Based in 1907, the College of Hawaii (UH) System now consists of 3 universities and seven group schools, in addition to 10 campuses and coaching and analysis facilities throughout the Hawaiian Islands. Its Most cancers Heart is situated within the Kakaʻako district of Honolulu and has over 300 college and workers, in addition to a further 200 affiliate members.

In a report back to the state legislature, UH mentioned the August 31 incident affected a single analysis venture on the UH Most cancers Heart, with out impacting scientific operations or affected person care.

Nevertheless, the in depth injury brought on by encrypting the compromised methods delayed UH’s restoration efforts and investigation into the assault’s influence.

“Upon discovery in late August, the affected methods had been instantly disconnected, specialists had been engaged to conduct a complete investigation and exterior stakeholders had been notified,” a UH spokesperson advised BleepingComputer.

“Throughout this course of, UH made the tough resolution to have interaction with the menace actors in an effort to shield people whose data might have been affected. A restricted set of analysis information (not medical therapy data), together with some containing historic private data, was concerned.”

Preliminary evaluations discovered that almost all affected information had been associated to a particular most cancers research and contained solely analysis knowledge, with out private identifiers. Nevertheless, additional evaluation uncovered information from the Nineties, containing Social Safety numbers used to establish analysis individuals earlier than the college adopted completely different identification strategies.

Ransom paid for decryptor, deletion of stolen knowledge

UH added that it additionally labored with exterior cybersecurity specialists to acquire a decryption device and “safe destruction of the knowledge the menace actors illegally obtained” to “shield the people whose senstive data might have been compromised.”

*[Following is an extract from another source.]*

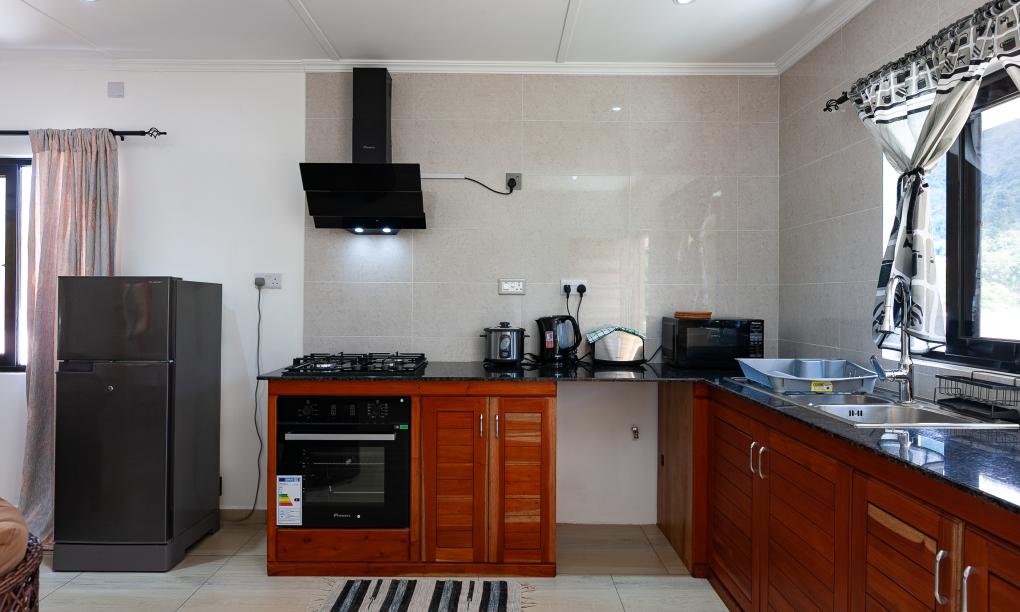 Yvon's Tropical Villa - Deluxe Studio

Though the college has but to inform these whose knowledge was stolen within the ransomware assault, UH advised BleepingComputer that it’s going to alert them “as quickly as contact data has been decided.”

In response to the assault, UH has additionally taken measures to safe its methods in opposition to additional breach makes an attempt, together with putting in endpoint safety software program, changing compromised methods, resetting passwords, changing firewall software program, and conducting third-party security audits of the Most cancers Heart.

In June, Hawaiian Airways additionally disclosed a cyberattack that had disrupted entry to a few of its IT methods, however did not have an effect on flight security.

A number of different universities in the US have additionally been breached in voice phishing assaults beginning late October, with Princeton College, Harvard College, and the College of Pennsylvania disclosing that their growth and alumni actions methods had been hacked to steal the info of donors, workers, college students, and alumni.

The Clop ransomware gang additionally breached Harvard College and the College of Pennsylvania once more, stealing delicate private and monetary knowledge from college students, workers, and suppliers in a knowledge theft marketing campaign that exploited an Oracle E-Enterprise Suite (EBS) zero-day vulnerability.

In December, Baker College additionally disclosed a data breach after attackers compromised its community the earlier yr and stole the private, well being, and monetary data of greater than 53,000 people.